The better, more fiscally prudent approach is to hold the line on programs, and even try to shrink them if at all possible, and use the savings for needed capital expenditures. We in Southern Maryland know all too well the financial burden on our counties of the increased population. That burden translates into the need for more or improved schools and more or expanded roads.
There's another temptation: to conclude that floating bonds is a painless way to do capital projects. After all the cost is spread out over time. What could be easier. Well the cost of that debt service is one of the parts of the state budget which is increasing the fastest. And even though we, here and now, don't have to pay for all of the cost, your children and grandchildren will continue to pay and pay for those decisions now.
The best approach is to use unexpected surpluses, achieved in boom times, to pay for capital projects. These are one shot expenses which don't put a continuing burden on the taxpayers. And in adopting a pay-as-you-go policy on capital expenditures, we are in fact reducing the amount of money we will have to pay for debt service in subsequent years, be they boom or bust. That helps the operating budget's bottom line.
Taking this prudent approach will allow us to continue to have a high bond rating when it comes time to go to the bond market for necessary projects. Bond rating agencies like government entities that don't always go to the bond market at the drop of a hat. After all the reputation of bond rating agencies is staked on how well they assess an area's fiscal stability.
Maryland so far has managed to retain a high bond rating: AAA from Moody's, Standard & Poors and Fitch's Services. Maryland is the first state to receive a AAA rating from all three rating agencies. The latest bond sale of $250 million was at an interest rate of 4.63 percent.
As I go around my district of Calvert and St. Mary's counties, I am constantly hearing these days about concerns for our ability to accommodate the new people coming in this summer. Some roads have reached gridlock in the last month. Some schools will be overcrowded this week as they open for the new year.
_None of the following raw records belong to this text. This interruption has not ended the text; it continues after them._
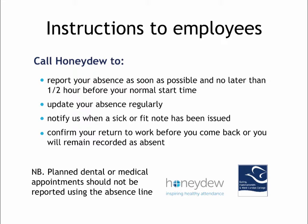The final point here sometimes takes a little while for employees to get used to — namely that you also need to call to close your absence record. In other words, employees also need to call back to confirm that they are returning to work, because otherwise their absence record will remain open.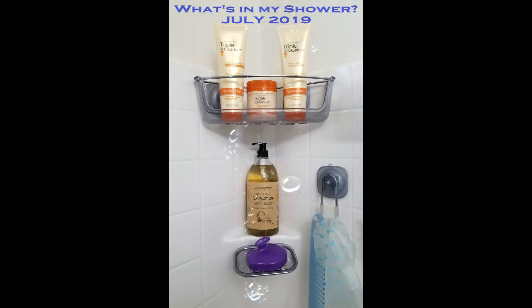Hi, I'm Healy Means. Welcome and welcome back to my channel where we judge products, not people. Today's video is a What's in My Shower for July 2019.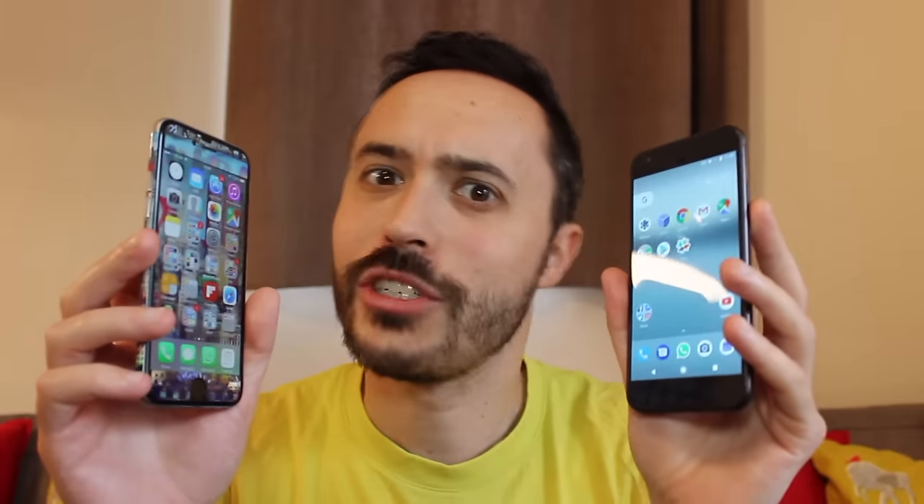Hello! So for this week's 'Why do I need that?' I thought I'd give you ten reasons why you might want to trade in your iPhone for a Google Pixel. It's Google-ly, it's Pixel-ly, it's Google Pixel! So let's jump straight in.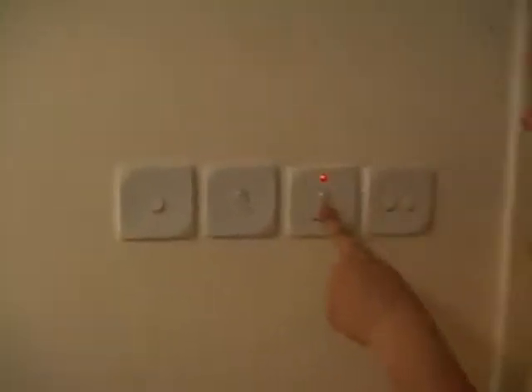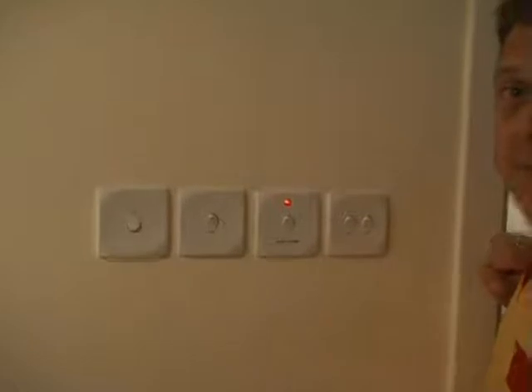Bathrooms — all the switches are outside. So if I want the hot water heater, I've got this one; if I want the lights, it's this one. They don't put the switches inside. And with all these bathrooms, there's not one power point inside, which is really hard when you want to blow dry your hair, isn't it, honey?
Last week I talked to State Highway Administration District Engineer Paul Armstrong about the road problems, particularly Routes 5 and 246 in the Great Mills area. As Route 235 becomes worse and worse, people are choosing Route 5 as an alternative. I have an on-site meeting scheduled with Mr. Armstrong to go over a proposal for creating three lanes on Route 5. The added third lane would reverse directions in morning and afternoon rush hours.
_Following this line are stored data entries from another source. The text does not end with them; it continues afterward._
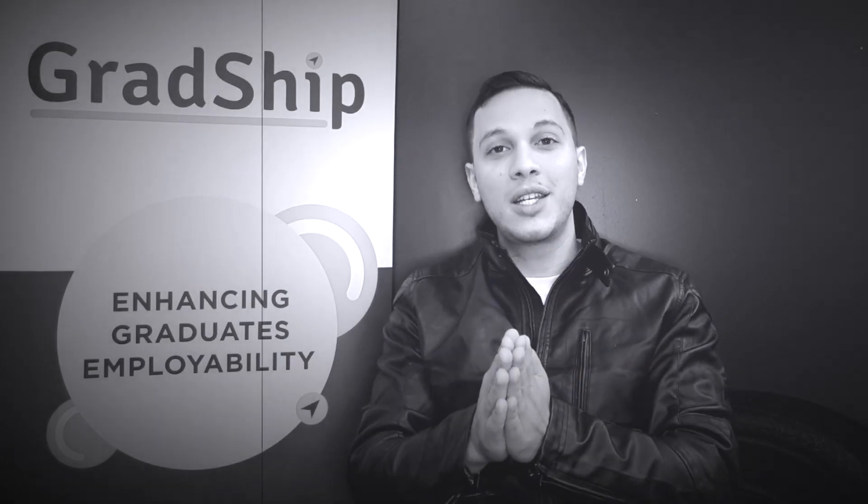Hope you found some value there. To recap, it's the three R's: relevant, readable, and reviewed. Thanks for watching today's video — subscribe below and we'll see you on the next one.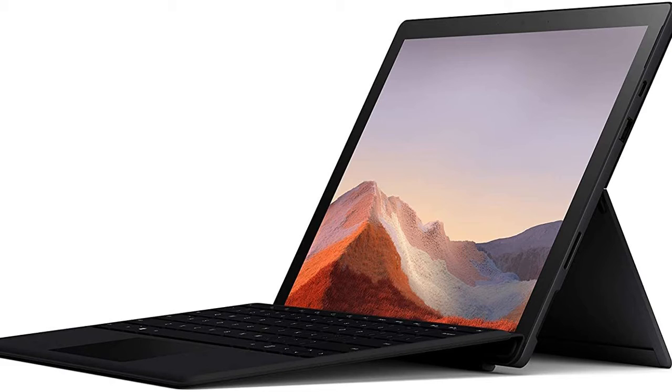Please subscribe to our channel for new videos like this. The Microsoft Surface Pro 7 Black Intel Core i5 8GB 256GB with a black keyboard is a compact multifunctional device that can simultaneously act as a tablet and a laptop.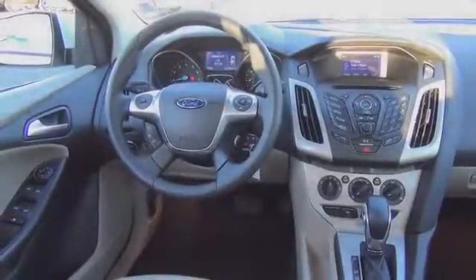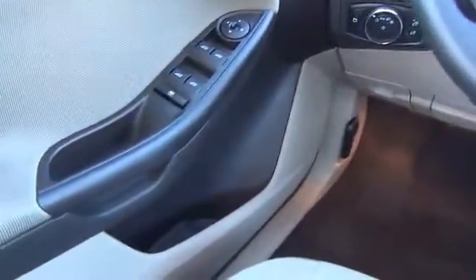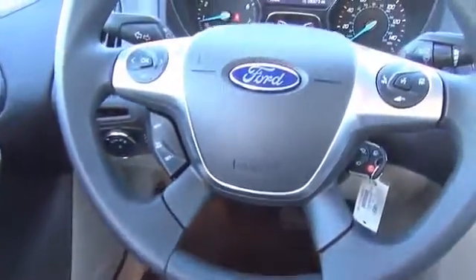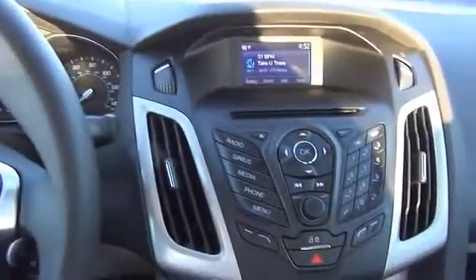Inside you'll find Bluetooth connectivity, an auxiliary input, steering wheel controls, curtain head airbags, front airbags, side airbags, side impact door beams, child safety locks, cruise control, and a trip computer.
I recently attended a public hearing on the extension of Route 765 in Solomons. The majority of the persons in attendance, and the county commissioners, agree that the project is needed. They view it as a way to reduce the amount of traffic that needs to go out on Routes 2/4, and thus reducing congestion on that busy major highway. I agree. This is another example of where that surplus money can be used for good purposes.
We also recently got a letter from Maryland Transportation Secretary David Winstead saying he would seriously consider my suggestions for a traffic light at Route 5 and Abell/Moakley streets in Leonardtown and signs warning of congestion on Route 5 in Charlotte Hall.
Let's take some of that $100 million plus surplus and use it for infrastructure here in Southern Maryland. Last year Baltimore schools got the bulk of the largess from Governor Glendening. While we have received substantial state support for infrastructure, we need more and we need to accelerate what has already been promised. This surplus provides the ideal opportunity to do just that.